## Activity
Apart from the pictures, every line below needs to be reproduced verbatim.

START Data provided

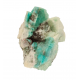 Amazonite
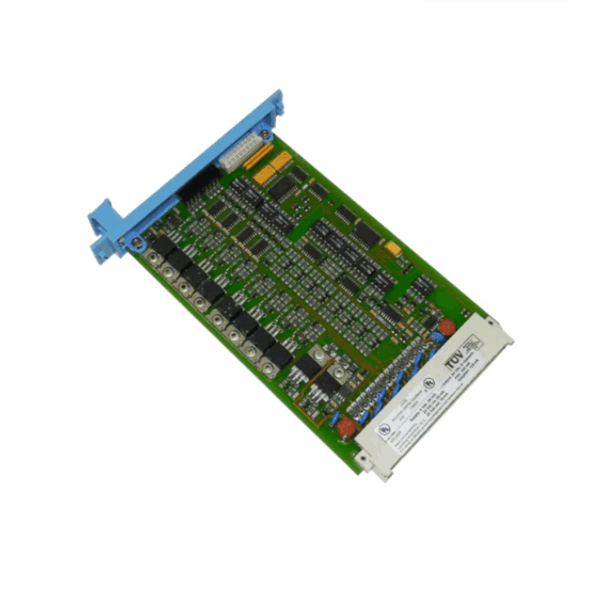 Honeywell FS-SDO-0824 Safety Digital Output Modules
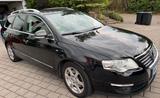 Volkswagen Passat 2.0 TDI DPF DSG 125kW Individual Indi... - Volkswagen Passat: Individual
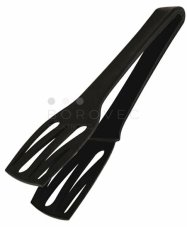 PADERNO kleště PA+ (d=24cm)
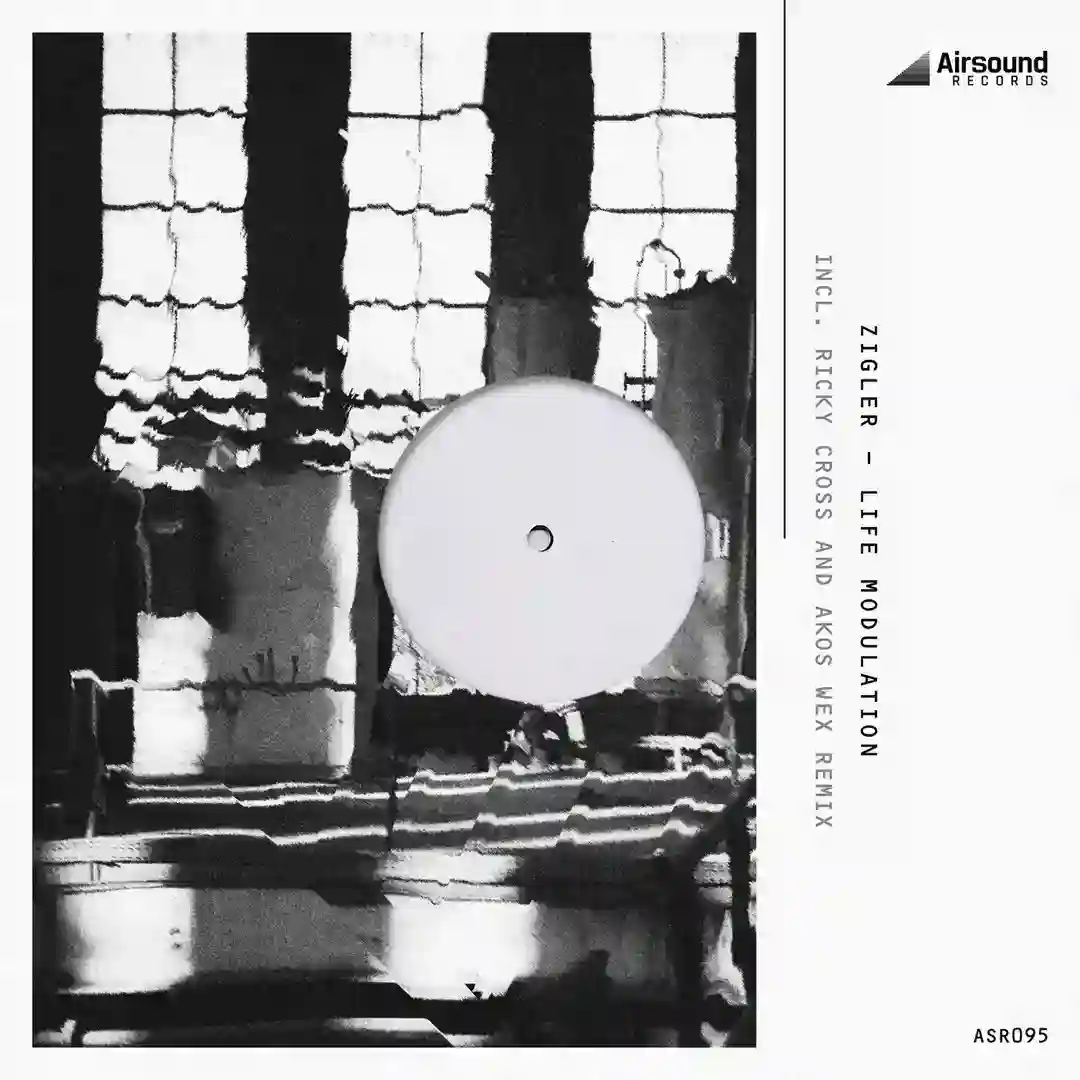 Shape cover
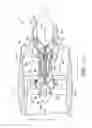 Fig. 02 - Ceramic matrix composite component cooling
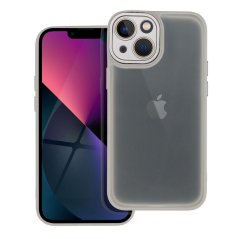 Kryt Variete Case iPhone 13 mini Steel Kryt Variete Case iPhone 13 mini Steel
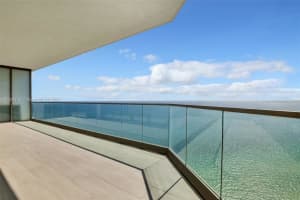 18975 Collins Ave, Sunny Isles Beach, FL 33160, Sold 03/31/22
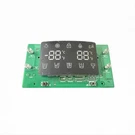 Samsung Lg DA41-00682A Refrigerator Dispenser Control Board. Fixed Price $34.23.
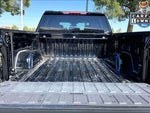 2025 Silverado 1500 Thumbnail 34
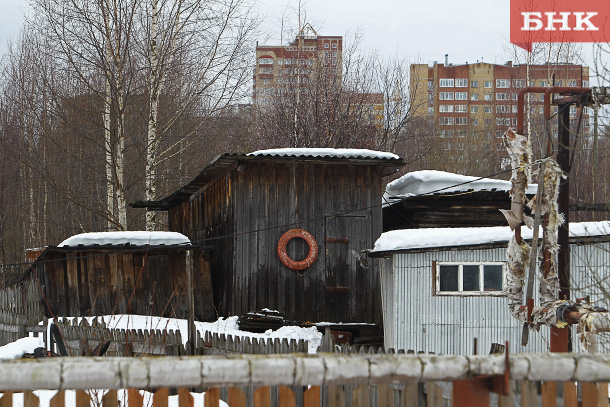 BOB_4429.jpg BOB_4429.jpg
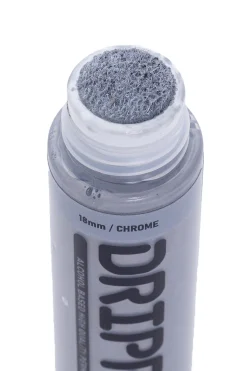 Marker Dope Cans Dripper 18mm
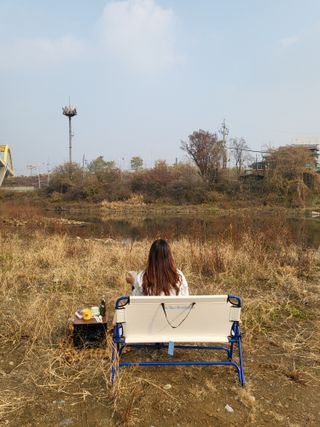 마키님이 올린 리뷰 사진 2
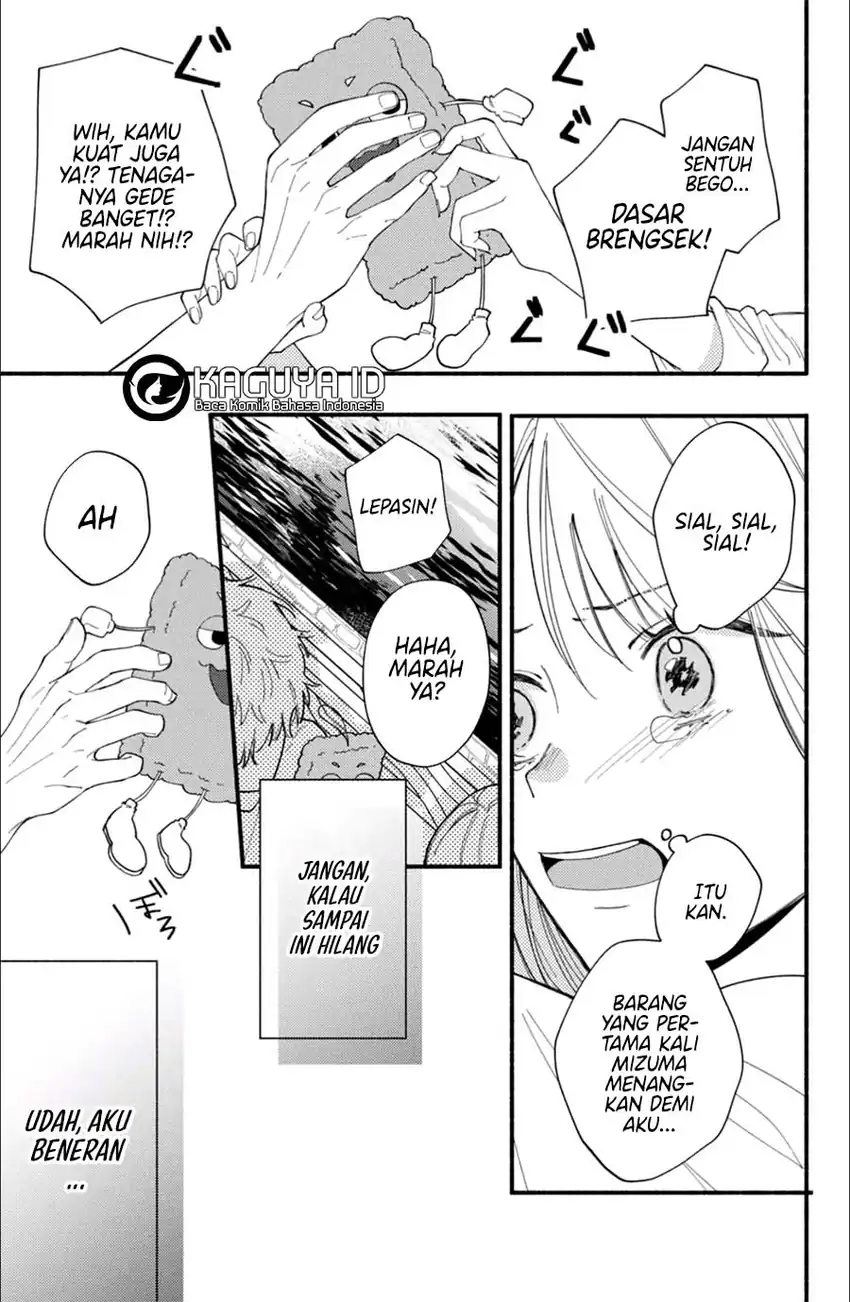 Chapter 2.2 - halaman 11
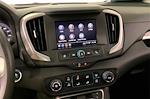 2024 GMC Terrain AWD SUV for sale #T5828 - photo 6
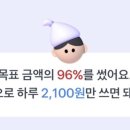 남부-여천-여천12 이미지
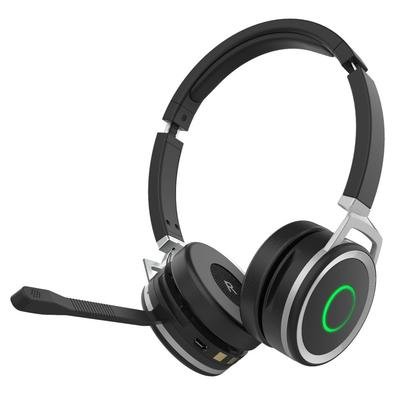 headset bluetooth whs 80 bt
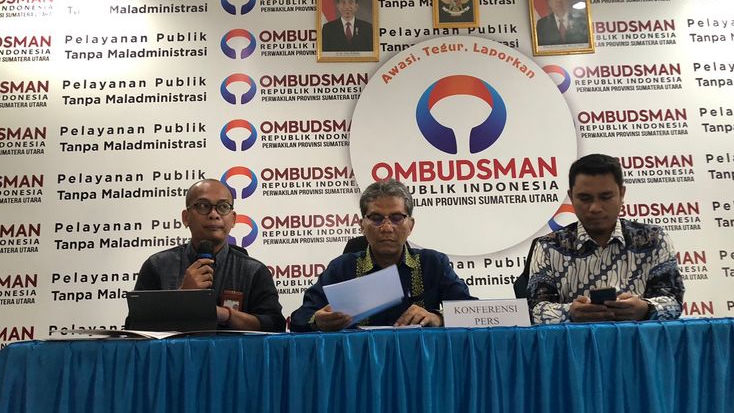 Ini 3 Pelanggaran Bandara Kualanamu yang Ditemukan Ombudsman Sumut dalam Kasus Tewasnya Wanita di Lift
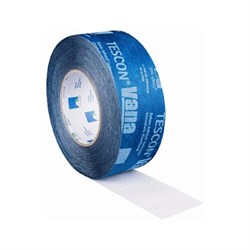 Клейкая лента Pro Clima TESCON VANA - фото 14755753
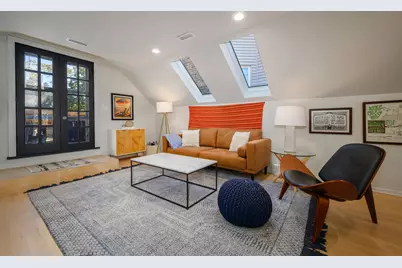 2008 W Roscoe Street #PH, Chicago, IL 60618 - Photo 4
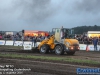 20160813tractorpullingoudenboschtt257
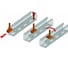 Т-болт УМС М12х30, ТДЦ 10 шт. TB-12-30-TDZ 3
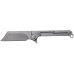 Нож Boker Plus Fragment (01BO660) – Boker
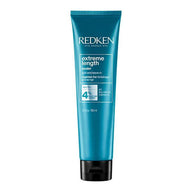 Redken - Extreme Lenght - Traitement Sans-Rinçage 150ml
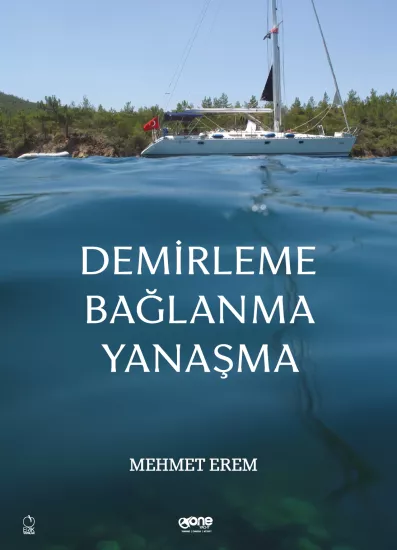 Demirleme Bağlanma Yanaşma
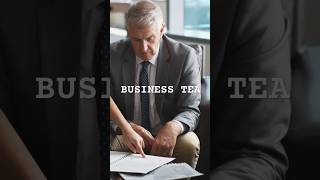 Discover the POWER of Chinese Tea Ceremony in Business [upl. by Aniehs]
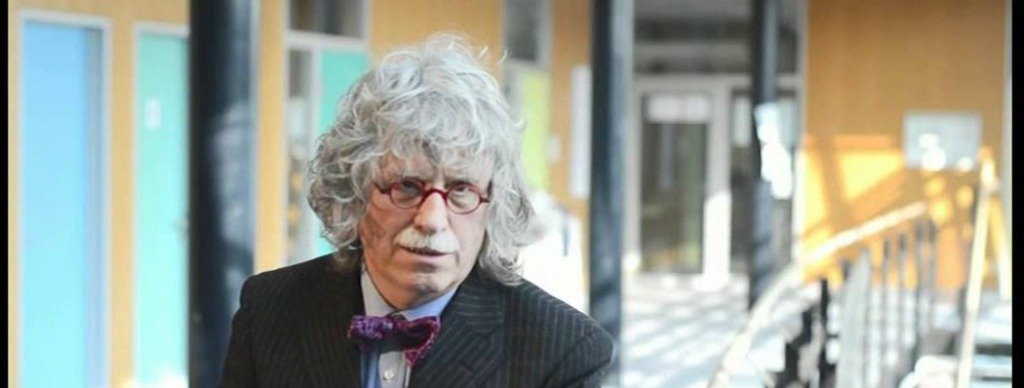 Conferenza in lingua tedesca alla Cattolica di Piacenza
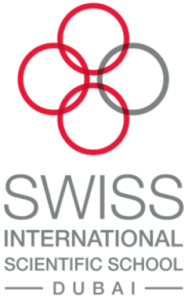 Swiss International Scientific School in Dubai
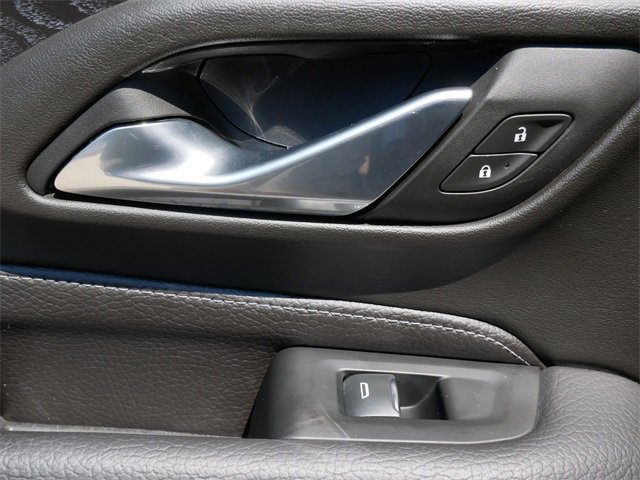 Used 2024 GMC Yukon Denali image 15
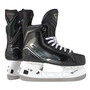 CCM Jetspeed FTW Schlittschuhe 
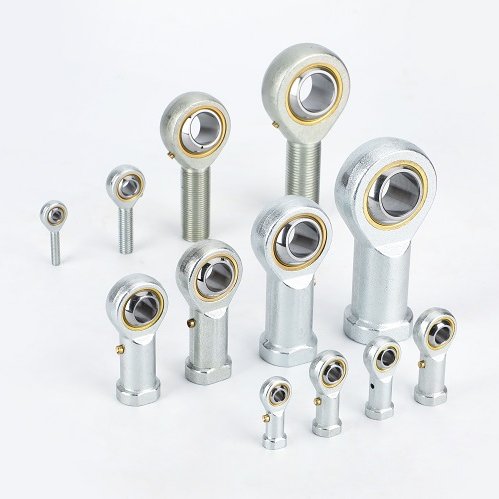 ROD END BEARING PHS12, PHS12A, PHS12B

END Data provided

## Solved problem
 Amazonite
 Honeywell FS-SDO-0824 Safety Digital Output Modules
 Volkswagen Passat 2.0 TDI DPF DSG 125kW Individual Indi... - Volkswagen Passat: Individual
 PADERNO kleště PA+ (d=24cm)
 Shape cover
 Fig. 02 - Ceramic matrix composite component cooling
 Kryt Variete Case iPhone 13 mini Steel Kryt Variete Case iPhone 13 mini Steel
 18975 Collins Ave, Sunny Isles Beach, FL 33160, Sold 03/31/22
 Samsung Lg DA41-00682A Refrigerator Dispenser Control Board. Fixed Price $34.23.
 2025 Silverado 1500 Thumbnail 34
 BOB_4429.jpg BOB_4429.jpg
 Marker Dope Cans Dripper 18mm
 마키님이 올린 리뷰 사진 2
 Chapter 2.2 - halaman 11
 2024 GMC Terrain AWD SUV for sale #T5828 - photo 6
 남부-여천-여천12 이미지
 headset bluetooth whs 80 bt
 Ini 3 Pelanggaran Bandara Kualanamu yang Ditemukan Ombudsman Sumut dalam Kasus Tewasnya Wanita di Lift
 Клейкая лента Pro Clima TESCON VANA - фото 14755753
 2008 W Roscoe Street #PH, Chicago, IL 60618 - Photo 4
 20160813tractorpullingoudenboschtt257
 Т-болт УМС М12х30, ТДЦ 10 шт. TB-12-30-TDZ 3
 Нож Boker Plus Fragment (01BO660) – Boker
 Redken - Extreme Lenght - Traitement Sans-Rinçage 150ml
 Demirleme Bağlanma Yanaşma
 Discover the POWER of Chinese Tea Ceremony in Business [upl. by Aniehs]
 Conferenza in lingua tedesca alla Cattolica di Piacenza
 Swiss International Scientific School in Dubai
 Used 2024 GMC Yukon Denali image 15
 CCM Jetspeed FTW Schlittschuhe 
 ROD END BEARING PHS12, PHS12A, PHS12B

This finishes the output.